My business and writing partner, Wynette Hoffman, and I spent much of our time and creative energies aiding writers and fledgling independent publishers in readying their creative efforts for market. We learned even more than our clients did, I think.

the Society for Free-Range Muses

This was a good idea, just slightly ahead of its time — as is par for the course with everything Wynette and I do. And it turns out that I’ve got so much to say on this topic that the only sane thing to do is to make it a separate post. You can read it here.
Other things that happened while I was away from my designated blog:

* Mark took a new gig, with LSI
* Mercury Retrograde Press hosted its first-ever Writers’ Retreat. I almost didn’t come home!
* Daniel played lacrosse, played Gus in a production of Tom Stoppard’s Arcadia, and drove himself to school every day. (!!)
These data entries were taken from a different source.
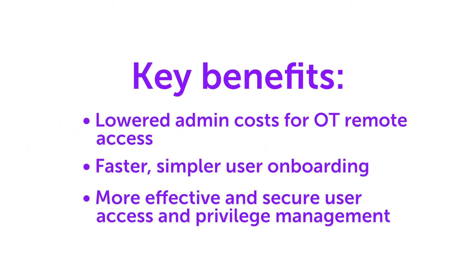Welcome. Today we're going to do a quick run-through of one of the new capabilities released in SRA 3.2, just-in-time provisioning.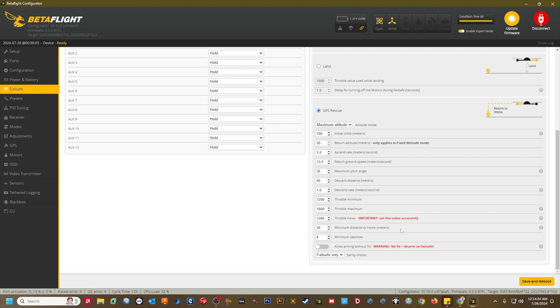Min sats. 8. This is the minimum number of satellites you need along with a valid 3D fix to arm. You need at least 5 sats to have a reliable GPS position, and I do not recommend using a value of less than 8. The more sats you have, the better your positioning will be.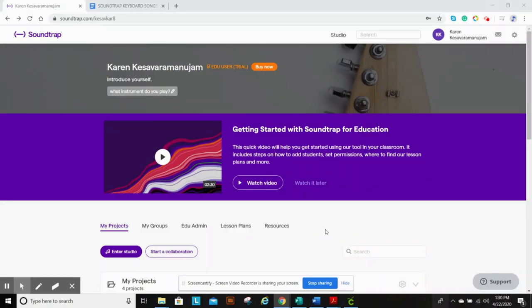Hey everyone, it's Mrs. K. Our project this week is going to be learning how to use the virtual keyboard and recording some very simple songs.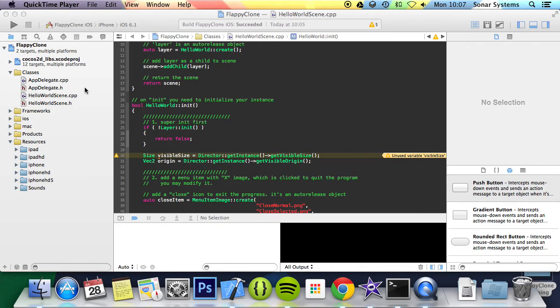We'll actually also provide some source code as well, basically what we've done as the base code, so you can use that. Plus also you'll get the links to the tutorial, so you can do it via that.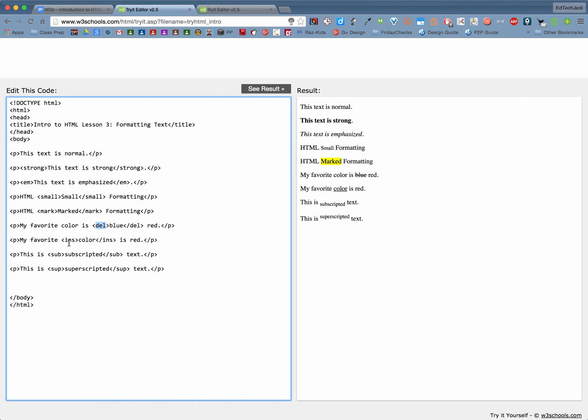Then there's the INS or the insert inserted tag and this one looks pretty simple. It's your underline. Could you put U instead? You could but again it doesn't always work on all browsers. So it's always safer to use INS for inserted versus using the underline.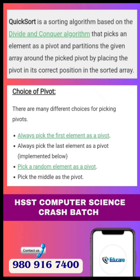Ways to select a pivot element: always pick the first element as the pivot, always pick the last element as the pivot, pick a random element as the pivot, or pick the middle element as the pivot. Using this method, we fix the pivot element.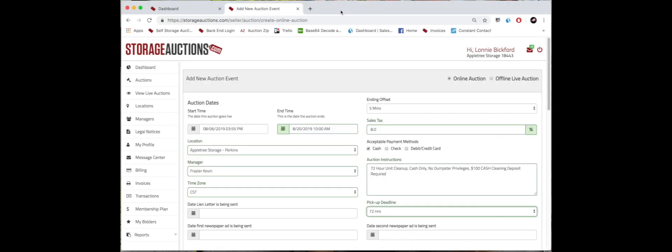This is part two on how to build out your auction event, and this is where we get to the unit information. We've already gone over the top half, the basic information, so now we're going to scroll down.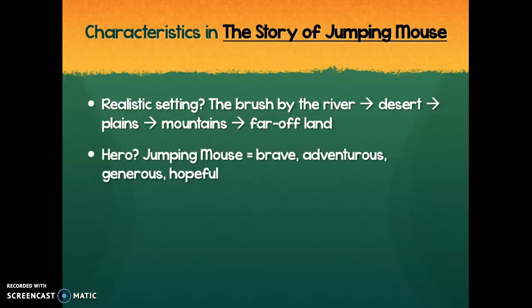This is actually a Native American legend, so we'll see a lot of those settings from Native American culture. Who is our hero? The hero is Jumping Mouse, and the hero is supposed to have positive characteristics. He's brave — going out all on his own to find the far-off land. He's adventurous, facing struggles and obstacles to reach his goals. He's generous, giving up his eyesight and his sense of smell to other animals in need. And he was hopeful — that hope alive inside him allowed him to reach the far-off land.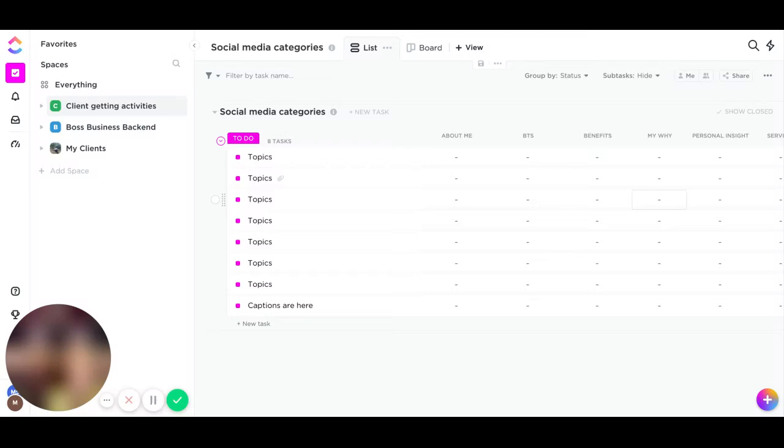Hi, my name is Mary Stewart, and today I'm going to show you how to set up your social media categories inside of ClickUp using the method that Jasmine Starr teaches. Jasmine has a video on YouTube, so check it out. Just type in Jasmine Starr and categories and you can find it.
It was a pretty interesting ride. This year is shaping up to be even more exciting. Some of the things I’m engaged in/looking forward to:

* my novel, The Affairs of Dragons, is scheduled for release this winter. I just passed 118,000 words, out of an anticipated 180-200K. Hey, I know how it ends!
* I will once again be serving as editor on Wynette’s next novel, the much anticipated Raised By Wolves: Treasures. As one of her alpha readers I have the privilege of knowing that this one is already even better than the previous two!
* I will be editing and publishing Larissa N. Niec’s debut novel, Shorn, which is scheduled for release this summer under the Mercury Retrograde imprint. I am unspeakably proud that Larissa chose to let me publish her work, which could have commanded Large Advances from Publishers Who Shall Remain Nameless.
* I am engaged in developmental editing for a couple of very exciting nonfiction projects of the New Age/self-help variety. More to come!
* more and more of the people I work with are getting serious about nurturing their creativity and learning how to manage their creative processes. We are having such wonderful, rewarding, intimate sessions together, and this is rapidly becoming my very favorite aspect of my client business.
* Larissa taught me how to knit at the Writer’s Retreat last year. After my triumphant completion of two scarves, I am knitting a sweater! (Yes, unreasonably excited about this.)
* Rachael is in the process of choosing and applying to high schools. Daniel has entered the serious phase of his college search. It is my job to act as facilitator in both of these endeavors — and to observe in awe how well they understand themselves, their strengths and weaknesses, their needs as students — and the process of courtship with schools, which has become a mutual-interviewing rather than a supplicant-based process for their generation.

I have days when I wish I were younger, which is really just a highly displaced way of saying I wish I were more decorative. It has taken me this long to get to the point where I could be living this life. No way would I go back in time!

Happy New Year, all. Having spent such a big chunk of last year making the changes that made everything I’m doing this year possible, I finally feel ready to be consistent about keeping the Outside World updated. Please check in and comment, because there’s a lot I want to chat about.